The design and operation of power tools can significantly impact their performance and lifespan. Although brushless direct current (DC) motors have only recently been incorporated into power tools, they have been technologically active for several decades. The origin of brushless DC motors can be traced back to the 1960s, when they were primarily used to power conveyor belts. It was not until 2003 that their application was extended to industrial machinery, and subsequently, in 2009, they found their way into the power tools segment. These motors brought about significant improvements in the functioning of conventional brushed motors. Both motors transform electrical energy into mechanical force; however, distinct variations exist in their efficiency, price, and upkeep needs.

Understanding Brushed Motor Functioning

For a clear comprehension of how brushless motors operate, it is beneficial to first explore the functioning of their brushed counterparts, a technology in application from the late 19th century until the advent of brushless motors.

Brushed motors are composed of four fundamental components:

  1. Stator: The motor’s stationary section housing permanent magnets that facilitate rotor movement.
  2. Rotor: Also referred to as the armature, this rotating component contains a copper coil that acquires electromagnetic properties when powered.
  3. Commutator: This metallic ring aids continuous rotor spinning by altering the polarity with every semi-turn of the rotor.
  4. Brushes: These are made of carbon and are directly connected to the power source. They transfer power to the commutator ring, thus activating the rotor.

The constant contact of the carbon brushes with the spinning commutator results in considerable friction. This is where the key differentiation arises between the conventional motor technology and the more recent brushless motor technology.

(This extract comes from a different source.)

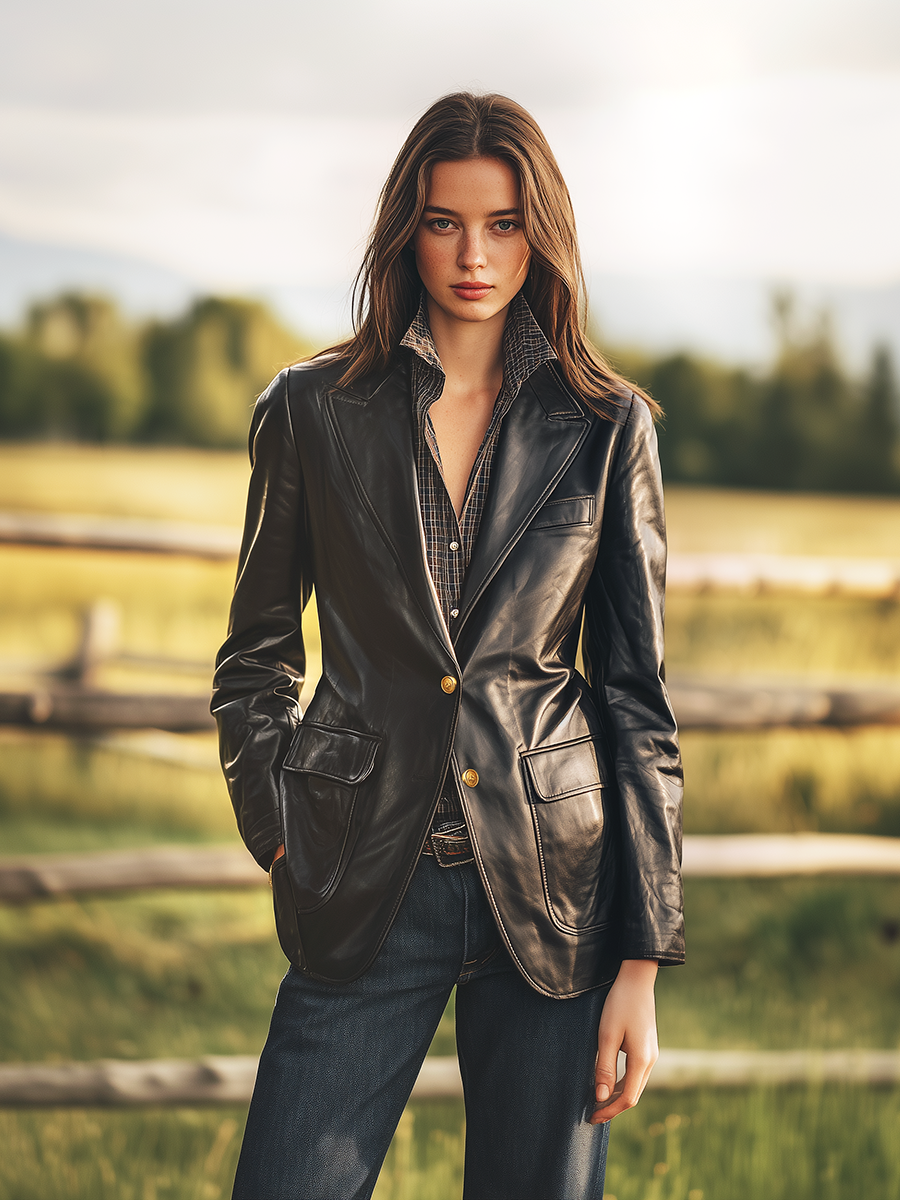 Veste Western Élégante en Faux Cuir à Poches Multiples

Decoding Brushless Motor Functioning

Contrary to brushed motors, brushless ones lack any physical commutator or brushes. Instead, brushless motors depend on magnets and an electronic circuit for power generation and connecting the stator and rotor. This structural design eradicates the friction usually encountered in a brushed motor, leading to several benefits, which include:

Increased Responsiveness

Often called ‘smart motors,’ brushless motors have computer chips and internal sensors. These adjust the motor’s speed, torque, and power supply per the task requirements. For instance, when using a brushless tool to insert a nail into a drywall versus a denser material, the motor’s electronic circuitry modulates the power used, making it efficient for the job.

Reduced Heat Generation

Heat can considerably degrade the longevity of motors and batteries. Brushless tools operate at cooler temperatures than their brushed counterparts since the heat-generating winding mechanism is located on the tool’s exterior rather than the interior. Reduced friction results in less heat.

Decreased Maintenance

Brushless power tools outlive brushed ones due to the absence of brushes that require replacement. For brushed power tools, replacement brushes are needed approximately every two to seven years. The frequency depends on the working environment and operating temperatures as friction wears down the brushes rapidly. Brushless tools also have a better defense mechanism against dust and debris due to the lack of need for cooling air vents, thanks to reduced heat generation.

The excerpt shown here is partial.